Machine Thinking Isn’t All Bad
I delivered the day 2 keynote address at Avectra’s AUDC conference last week. It was the first time I delivered this particular keynote–I’ve integrated some of the more recent research on social business into the points I have been making about Humanize over the last year, and I go deeper with some examples from clients I’ve worked with as well (slides should be embedded below, or click here).
Following the keynote, Maddie and I did a “fishbowl” session for about 30 people on the leadership implications of social business. It was an open conversation, and I was really impressed with the quality of the discussion.
At one point, one of the participants pushed back a bit against what I had said in the keynote. I’m paraphrasing here, but he basically suggested that he sees some value in the mechanical approach to leadership in management that I was criticizing in the keynote, and that shifting everything to a more human approach might not necessarily work.
He’s totally right. The reason I emphasize a more decentralized, organic, human-centered, transparent, and generative approach to leadership and management is NOT because those aspects are universally awesome and work in every context and at all times. I emphasize them (and strongly) because they have been woefully undervalued over the last century. I emphasize them because I don’t think many of us see how overly focused we’ve been on the mechanical. It’s so deeply embedded in our approach that we often don’t literally see it. I try to be provocative about the human approach because sometimes we need to be jolted out of our complacency.
But I’m not asking us to replace the mechanical approach with the human approach entirely. I am simply asking us to make a significant shift in that direction. Of course there will be times where you need consistency or repeatability, and the mechanical approach is going to be awesome. I joke that when you’re building a bridge, I’m actually okay with best practices (in the book, we literally say they are evil). I don’t want that bridge being organic and shifting and experimental. In management, there are times where consistent procedures and linear work flows are critical to success.

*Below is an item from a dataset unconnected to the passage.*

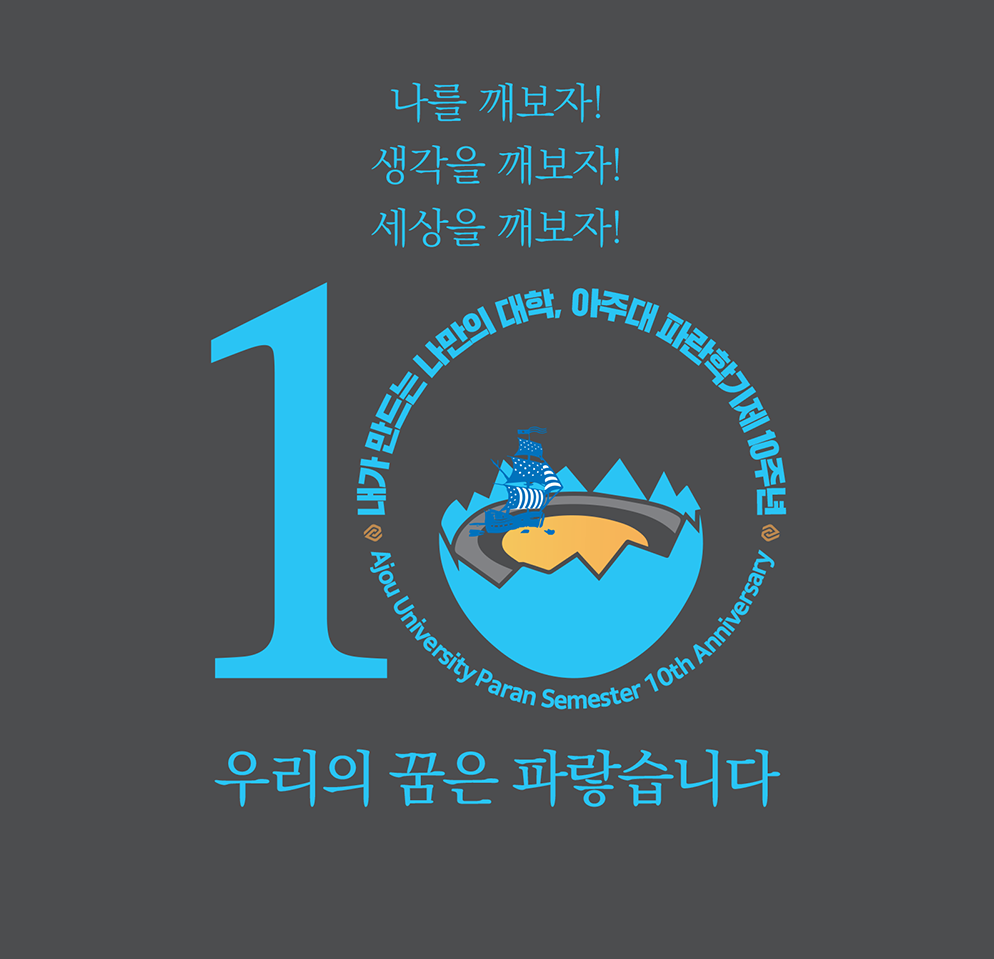 [파란학기 10주년 리포트] 우리의 꿈은 파랗습니다.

As in most of life, the secret is in integration and balance. Yin and yang. Pushing the edge of the envelope, and then adjusting course if you go too far. I think we’ve been stuck in the machine rut when it comes to leadership and management, which is why I have such passion about moving away from that approach. But I do follow my own advice–I’m okay with difference. I value the machine approach. I value that tradition and I appreciate the tremendous productivity that has resulted. I just want us to continue to grow and improve, and I argue that the organizations who learn how to integrate the human with the mechanical will be leading the way.